Exercise details
All entries are to be printed again exactly, with their images omitted.

[Supplied records]

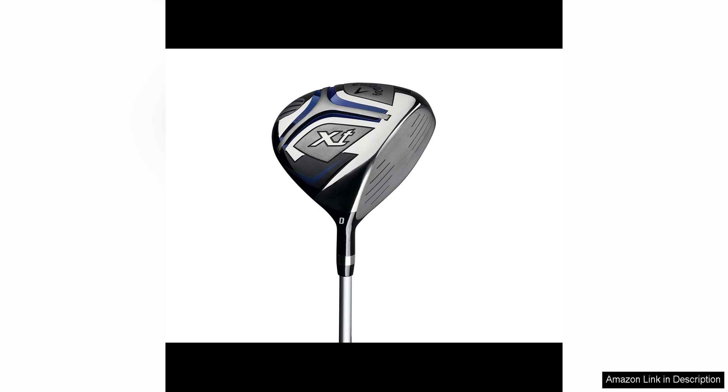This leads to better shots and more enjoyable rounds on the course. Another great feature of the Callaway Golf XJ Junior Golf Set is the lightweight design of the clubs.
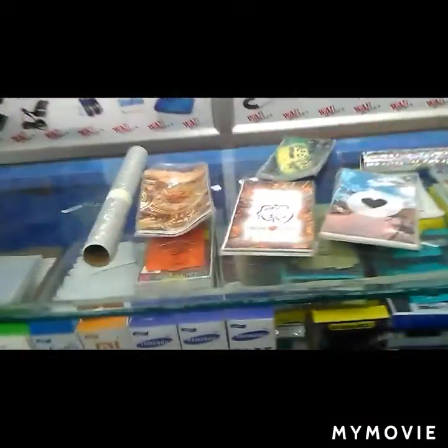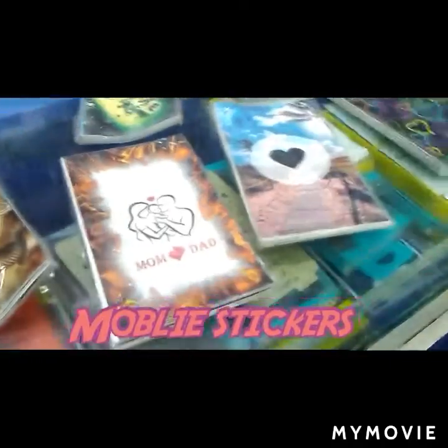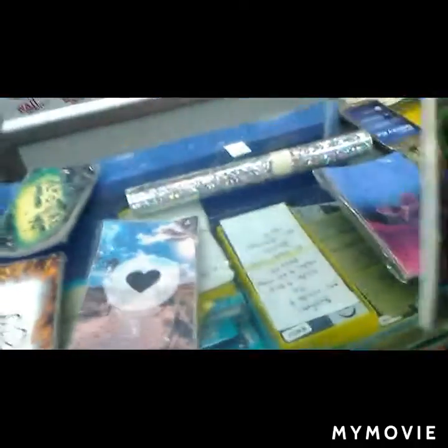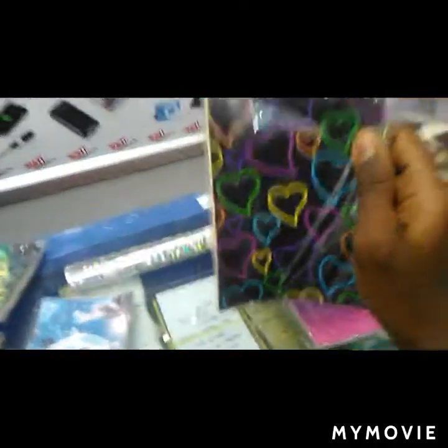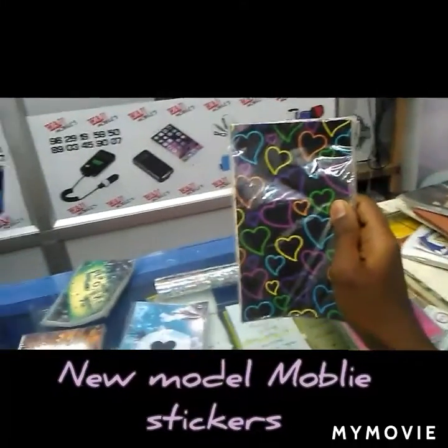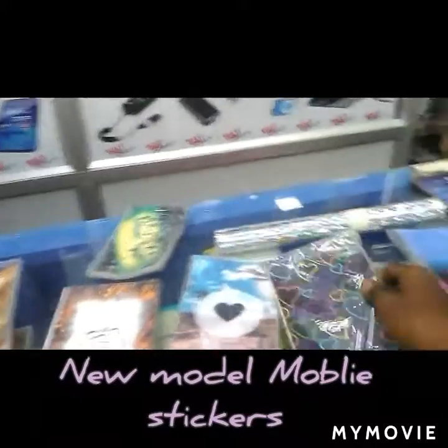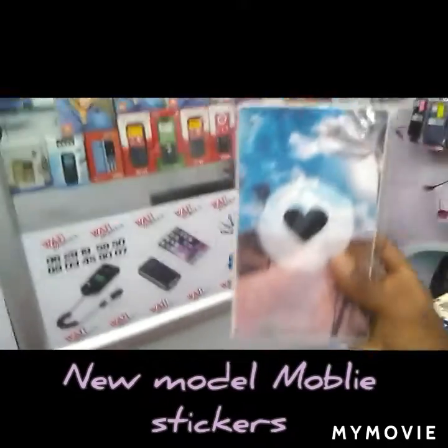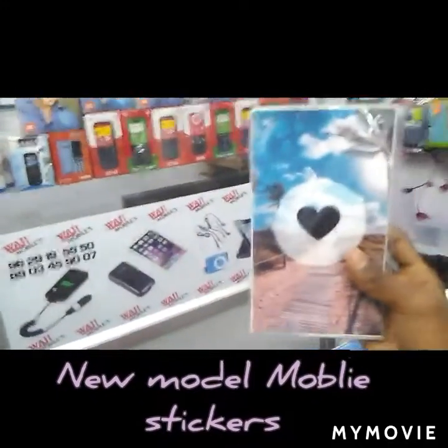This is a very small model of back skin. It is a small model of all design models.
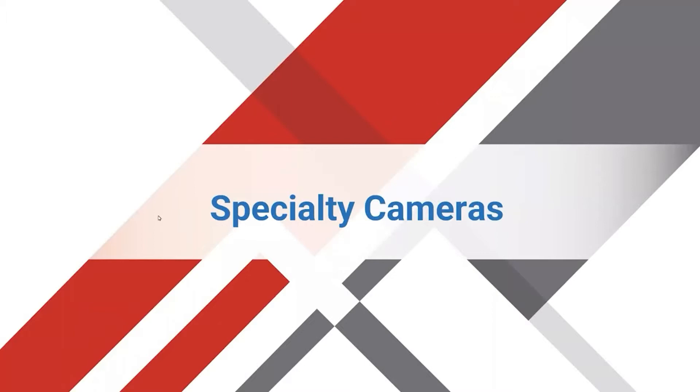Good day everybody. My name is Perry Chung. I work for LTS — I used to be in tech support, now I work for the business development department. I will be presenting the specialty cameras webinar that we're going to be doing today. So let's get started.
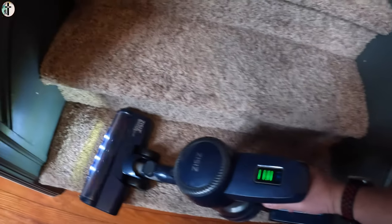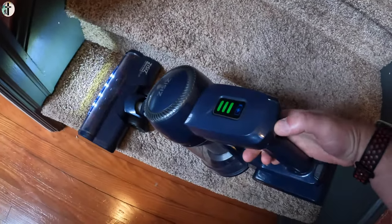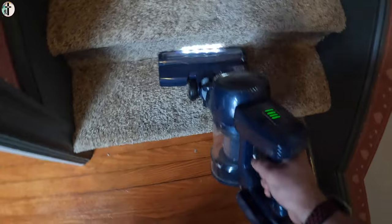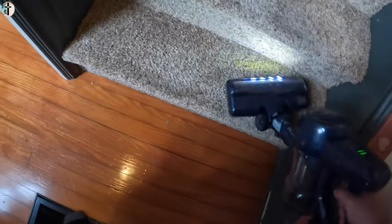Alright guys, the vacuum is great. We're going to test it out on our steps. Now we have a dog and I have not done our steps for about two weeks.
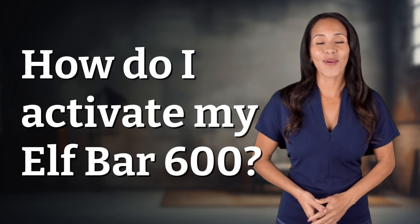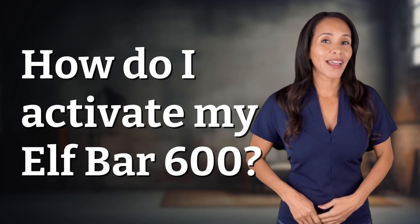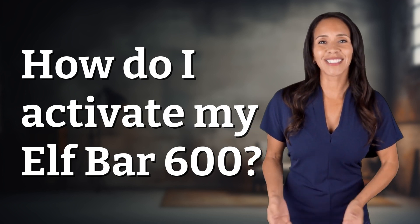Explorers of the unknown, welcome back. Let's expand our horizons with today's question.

[/Supplied records]

Result for this task
This leads to better shots and more enjoyable rounds on the course. Another great feature of the Callaway Golf XJ Junior Golf Set is the lightweight design of the clubs.
This is a very small model of back skin. It is a small model of all design models.
Good day everybody. My name is Perry Chung. I work for LTS — I used to be in tech support, now I work for the business development department. I will be presenting the specialty cameras webinar that we're going to be doing today. So let's get started.
Alright guys, the vacuum is great. We're going to test it out on our steps. Now we have a dog and I have not done our steps for about two weeks.
Explorers of the unknown, welcome back. Let's expand our horizons with today's question.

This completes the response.